__How to complete this task__: Every line of the listing below should be written out exactly, minus its images.

__Data shown__:
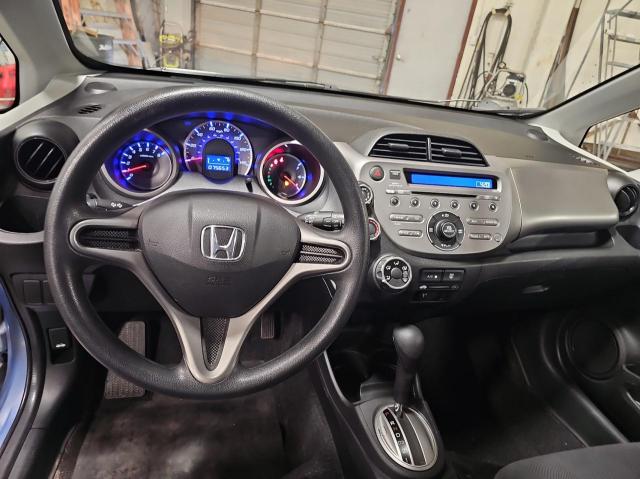 Photo 9 from auction – 2010 HONDA FIT with VIN JHMGE8H28AC027353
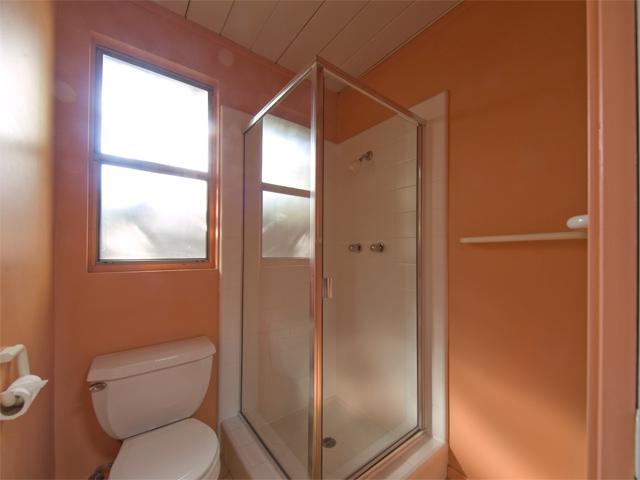 Master Bath (B) picture - 281 Parkside Dr, Palo Alto 94306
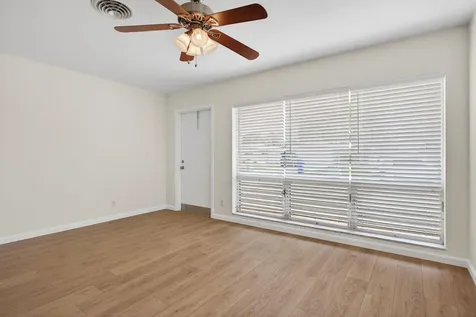 371 SE 1st Avenue Pompano Beach FL 33060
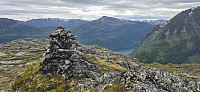 JoSo_20250715_6876b9a2c799d.jpg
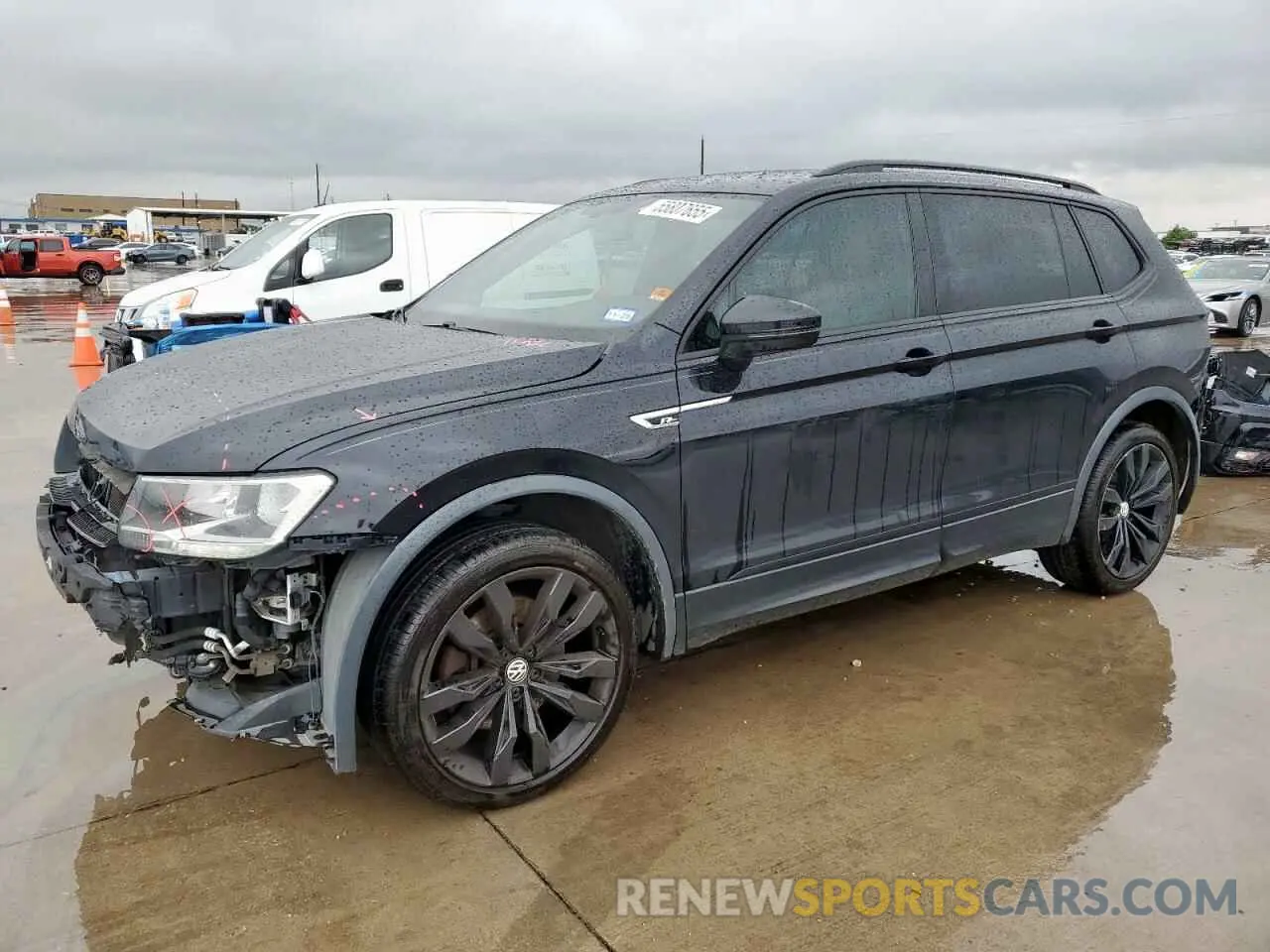 1 Photograph of a damaged car 3VV3B7AX3LM132894 VOLKSWAGEN TIGUAN 2020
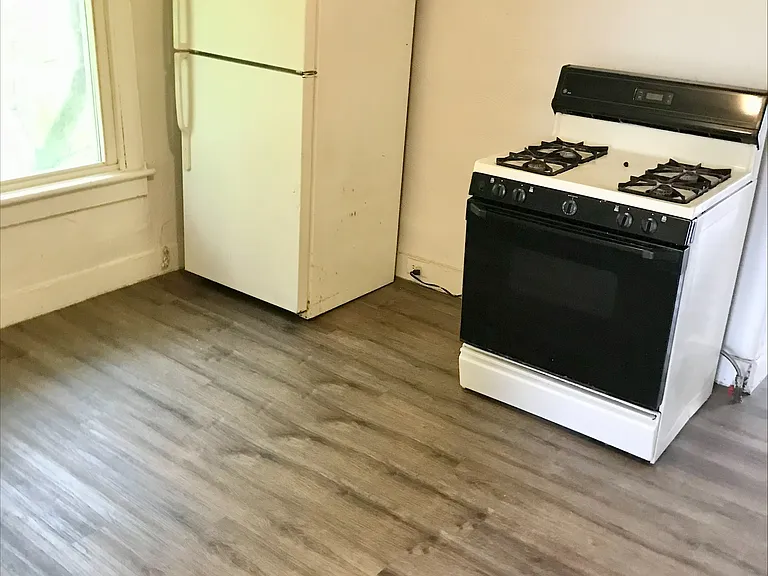 272 Kryder Ave #5 — Photo 5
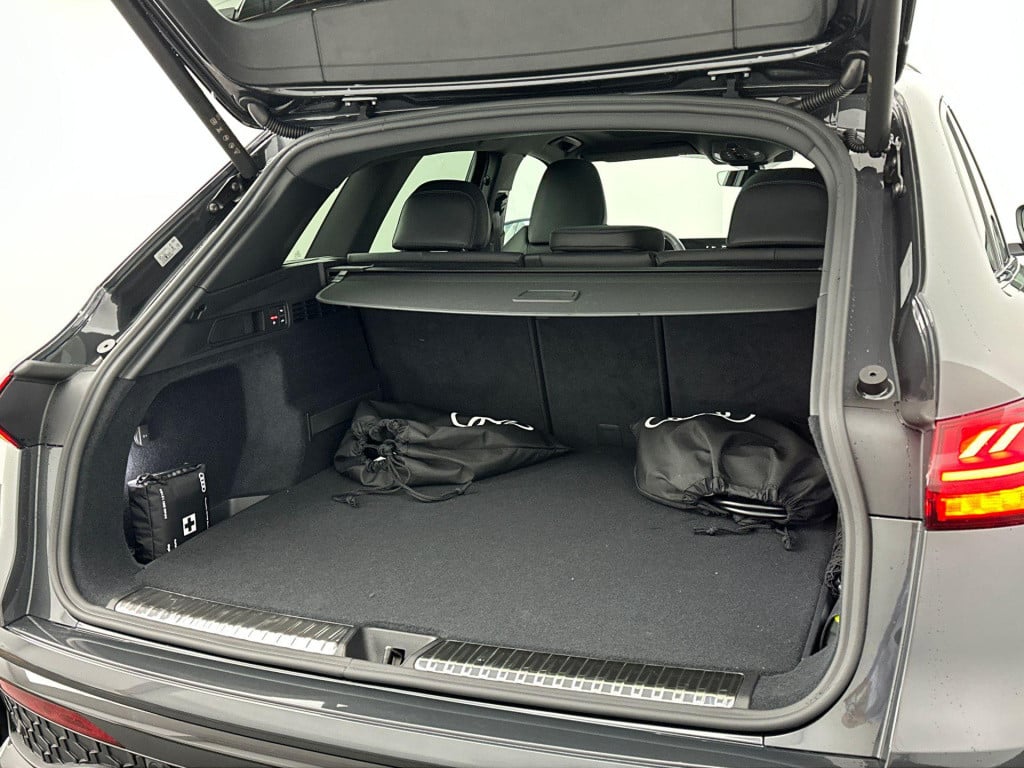 Audi Q5 2.0 tfsi e-hybrid quattro s edition competition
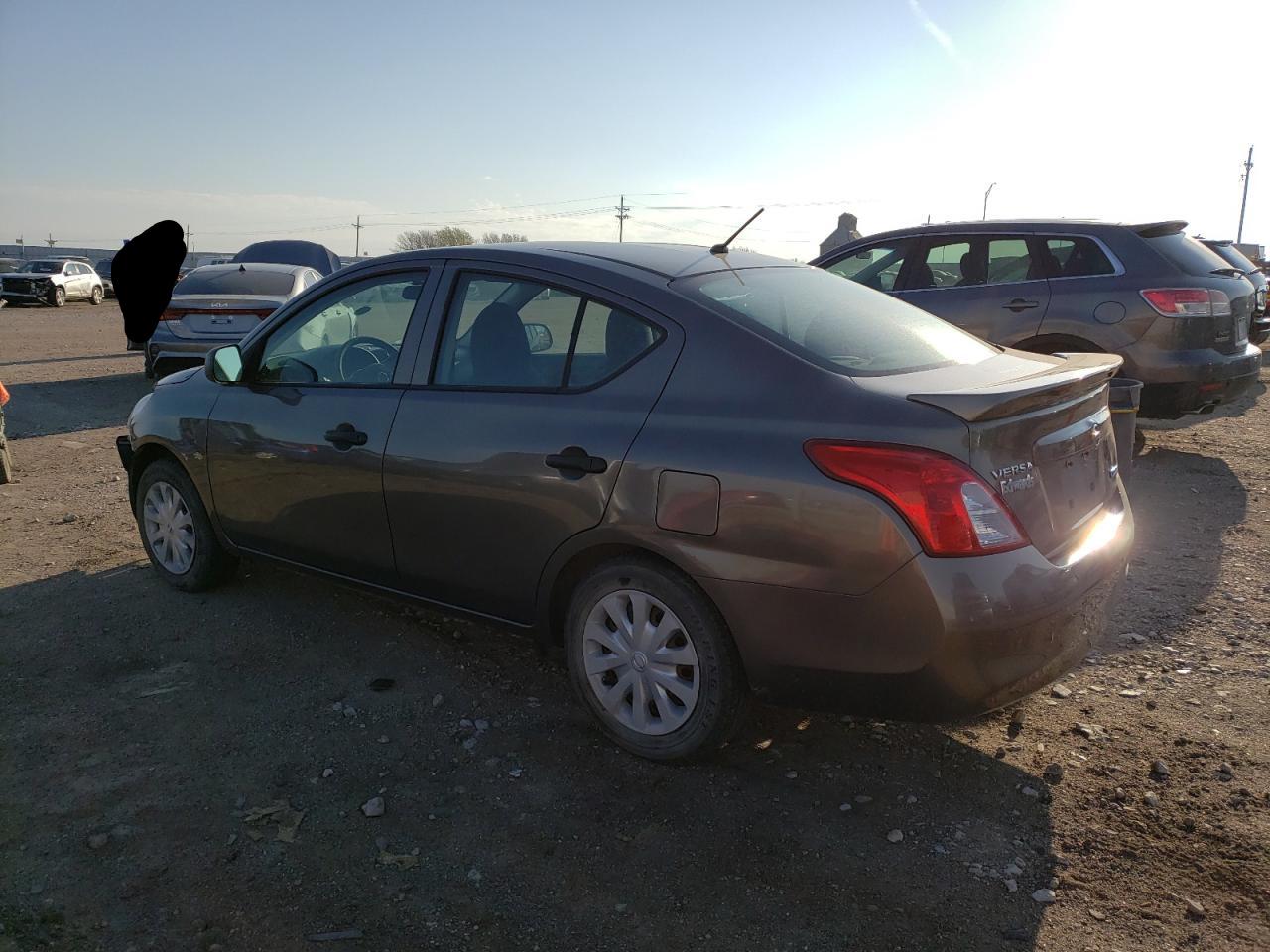 Obraz 2 z 2014 NISSAN VERSA S 2014 z VIN 3N1CN7AP1EL854883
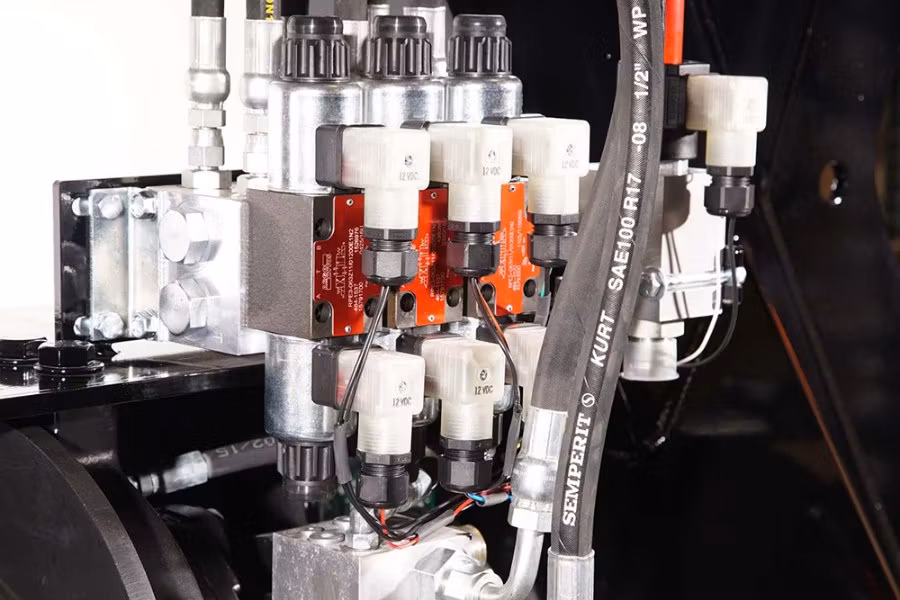 Picture of In The Ditch SP20000 Sidepuller with Integrated Controls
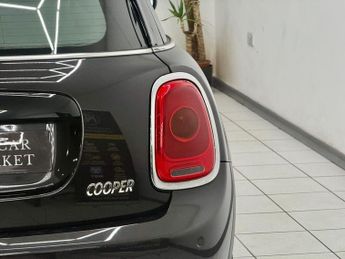 MINI Hatch 1.5 Cooper Auto Euro 6 (s/s) 5dr
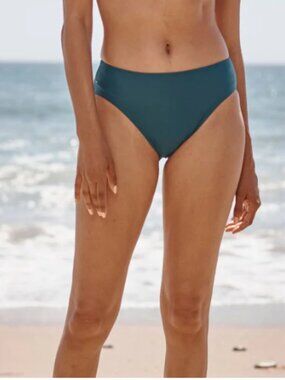 Summersalt: The Classic Mid-Rise Bikini Bottom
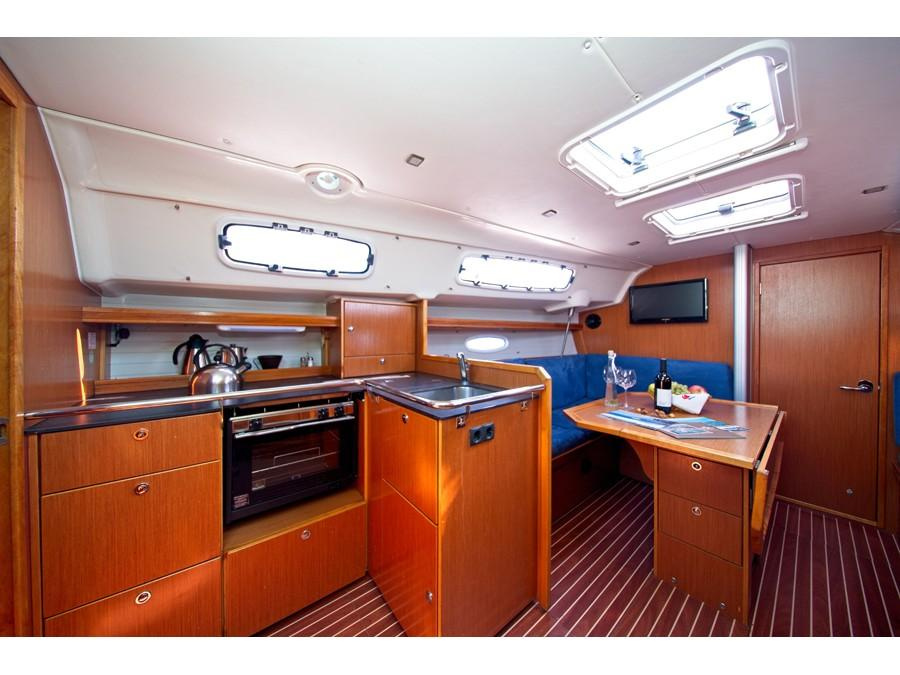 Photo #7 - Bavaria 35 C (MH 25) en Murter - 16066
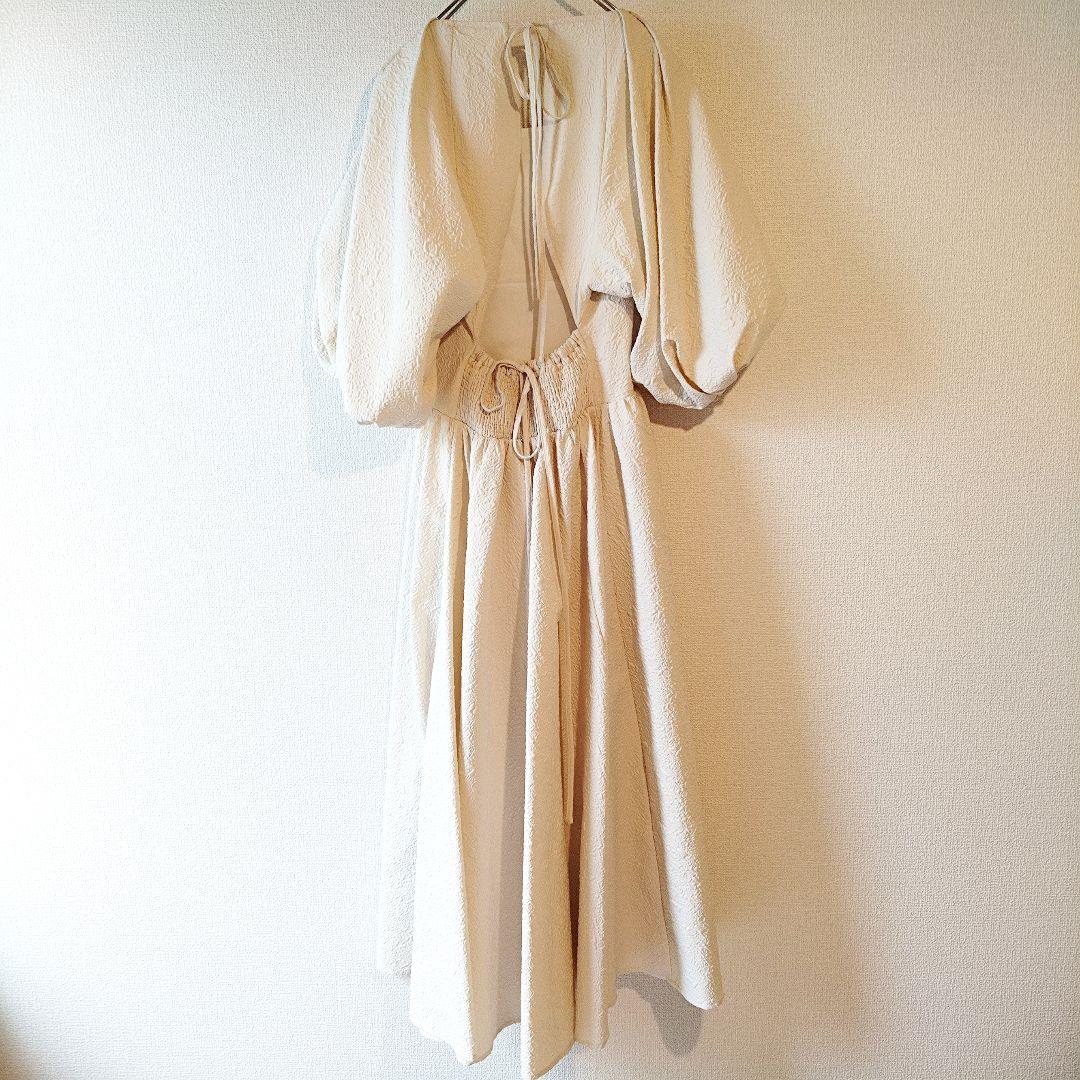 未使用タグ付き LA BELLE ETUDE バックオープンベアセットワンピース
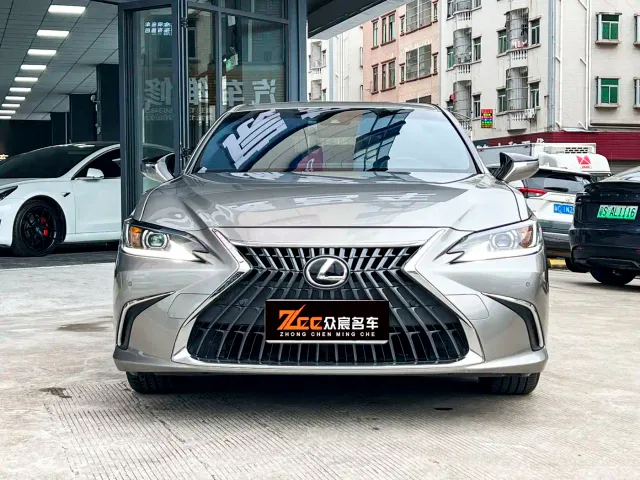 Lexus ES — Фото автомобиля 2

__Result of this task__:
 Photo 9 from auction – 2010 HONDA FIT with VIN JHMGE8H28AC027353
 Master Bath (B) picture - 281 Parkside Dr, Palo Alto 94306
 371 SE 1st Avenue Pompano Beach FL 33060
 JoSo_20250715_6876b9a2c799d.jpg
 1 Photograph of a damaged car 3VV3B7AX3LM132894 VOLKSWAGEN TIGUAN 2020
 272 Kryder Ave #5 — Photo 5
 Audi Q5 2.0 tfsi e-hybrid quattro s edition competition
 Obraz 2 z 2014 NISSAN VERSA S 2014 z VIN 3N1CN7AP1EL854883
 Picture of In The Ditch SP20000 Sidepuller with Integrated Controls
 MINI Hatch 1.5 Cooper Auto Euro 6 (s/s) 5dr
 Summersalt: The Classic Mid-Rise Bikini Bottom
 Photo #7 - Bavaria 35 C (MH 25) en Murter - 16066
 未使用タグ付き LA BELLE ETUDE バックオープンベアセットワンピース
 Lexus ES — Фото автомобиля 2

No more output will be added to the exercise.